La Rochelle paiera, possible redressement pour les autres

L’administration fiscale considérant qu’il existait des modifications substantielles entre les Grands ports maritimes et les ports maritimes autonomes, a assujetti le Grand port maritime de La Rochelle à la taxe foncière sur les propriétés bâties pour les années 2010 et 2011. Le Conseil d’État a validé cette position par un arrêt du 2 juillet 2014. Il convient cependant de rappeler qu’un arrêt rendu par cette juridiction en date du 28 décembre 2012 avait considéré que le Grand port maritime du Havre, « anciennement port autonome du Havre », pouvait se prévaloir de l’interprétation formelle de la loi fiscale par l’administration pour justifier son exonération à ladite taxe pour les exercices 2007 et 2008.

On imagine l’émotion ressentie par les dirigeants des Grands ports maritimes à la suite de la décision récente du Conseil d’État dont la formulation est équivoque, lorsqu’elle indique que la loi portant réforme portuaire « a ajouté aux catégories de ports maritimes et de pêche, notamment à celle des ports autonomes, la catégorie des Grands ports maritimes ». Certes, dans le code des transports et celui des ports maritimes, le régime des ports maritimes autonomes n’a pas été formellement supprimé, mais en pratique, les Grands ports maritimes se sont substitués à eux.
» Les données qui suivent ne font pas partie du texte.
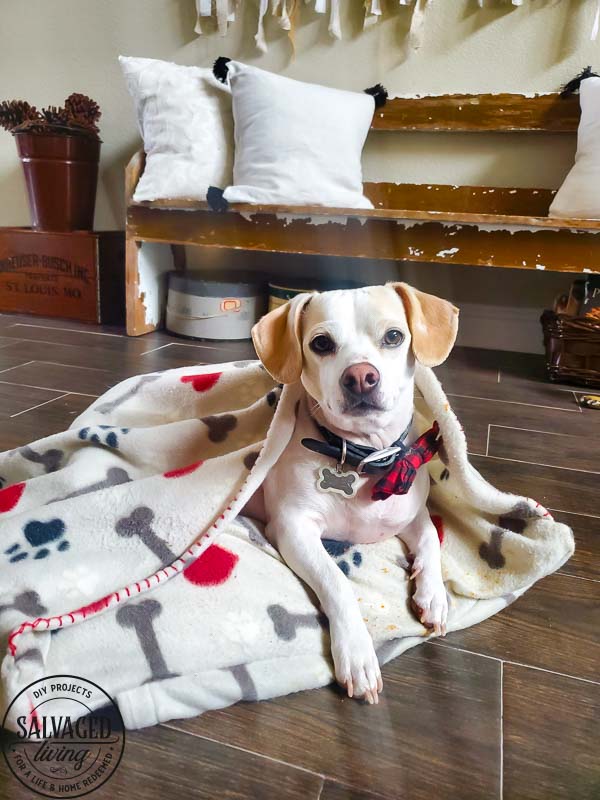 Learn how to make a DIY dig bed with a burrow blanket attached for your small dog. This is the most budget friendly dog bed you will find and my little dog loves to burrow and nest in the blanketed dog bed. #dogbedDIY #nesteddogbed #petburrowbed #DIYpetbed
La continuité des missions exercées par les établissements publics portuaires, hormis l’exploitation des outillages publics en métropole, n’a pas été prise en compte par les juges du Palais Royal.

La volonté du législateur contrée

La jurisprudence qui vient d’être rendue va à l’encontre des objectifs fixés par le législateur qui souhaitait renforcer la compétitivité des ports français. En effet, en raison de la possibilité de répercuter la charge fiscale supplémentaire sur les occupants du domaine portuaire, ainsi que l’admet lui-même le Conseil d’État dans sa jurisprudence, jusqu’où peut aller l’application du principe d’autonomie du droit fiscal. Peut-il aller à l’encontre de la volonté du législateur, ou simplement combler les silences de la loi. Selon l’importance de l’impact financier de l’arrêt qui a été rendu pour le Grand port maritime de La Rochelle, les nouveaux établissements publics portuaires seront peut-être conduits à réviser leur projet stratégique. L’évolution de la doctrine de l’administration fiscale n’a certainement pas pris en compte cette hypothèse, et en tout état de cause, a créé une insécurité juridique. Évoquant devant la section du contentieux du Conseil d’État en février 2013 le principe de l’estoppel selon lequel « une partie ne peut se prévaloir d’une position contraire à celle qu’elle a prise antérieurement lorsque ce changement se produit au détriment d’un tiers », un rapporteur public avait déclaré: « Le juge de l’excès de pouvoir, tel Hercule, parviendrait ainsi à terrasser l’hydre à plusieurs têtes que constitue souvent la doctrine fiscale de l’administration. »

Certains pensent peut-être que l’augmentation des recettes fiscales des collectivités territoriales permettra à celles-ci d’accroître leur participation au financement des travaux portuaires. C’est une idée bien théorique, car la réduction des dotations de l’État qu’elles subissent les conduira vraisemblablement à faire d’autres choix. En outre, il convient de veiller à ne pas contrevenir au régime des aides d’État résultant du traité de fonctionnement de l’Union européenne par des subventions inappropriées.

Pour l’instant, aucune harmonisation de la fiscalité des établissements portuaires n’est intervenue au niveau de l’Union européenne, c’est pourtant un domaine susceptible de connaître des distorsions de concurrence dans un secteur d’activité essentiel pour l’économie de tous les États membres. On a pu le constater à d’autres égards, la législation portuaire suscite une certaine frilosité de la part des pouvoirs publics tant au niveau national avec les multiples étapes de la législation, qu’au niveau de l’Europe, où certains textes ne parviennent pas à obtenir l’aval du Parlement européen.